**ACTIVITY**
The range runs from the line containing "Żółta autostrada z" through the last line of the material below; retype it exactly, leaving out the pictures.

**SOURCE MATERIAL**
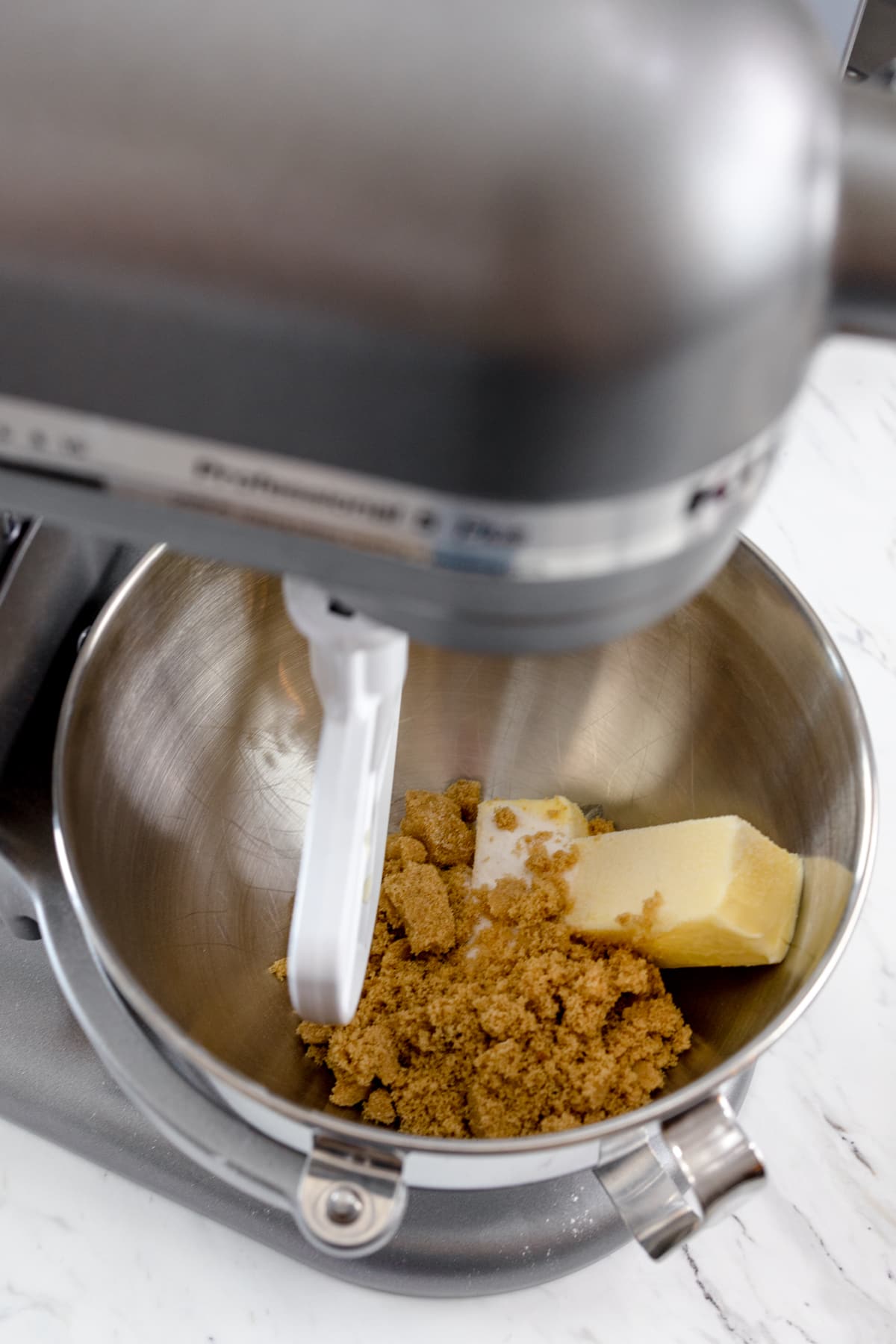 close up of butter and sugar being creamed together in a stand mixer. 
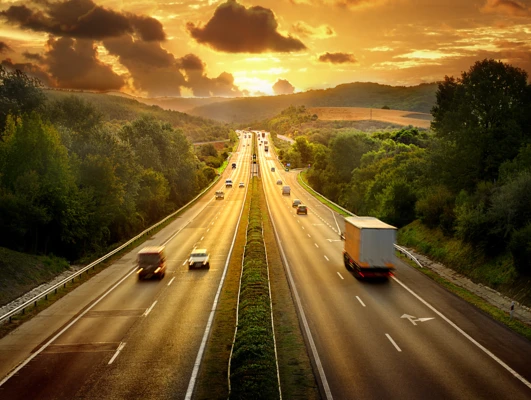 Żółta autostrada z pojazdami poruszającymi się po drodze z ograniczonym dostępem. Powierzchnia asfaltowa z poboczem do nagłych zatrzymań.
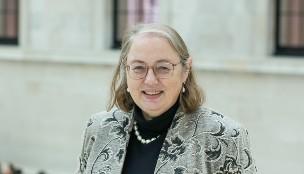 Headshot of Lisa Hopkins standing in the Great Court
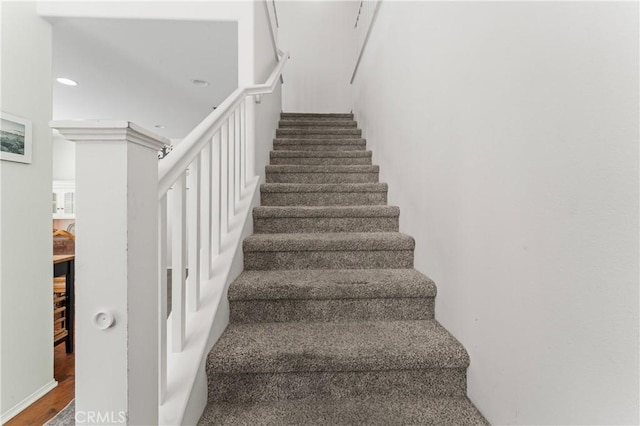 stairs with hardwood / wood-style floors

**TASK SOLUTION**
 Żółta autostrada z pojazdami poruszającymi się po drodze z ograniczonym dostępem. Powierzchnia asfaltowa z poboczem do nagłych zatrzymań.
 Headshot of Lisa Hopkins standing in the Great Court
 stairs with hardwood / wood-style floors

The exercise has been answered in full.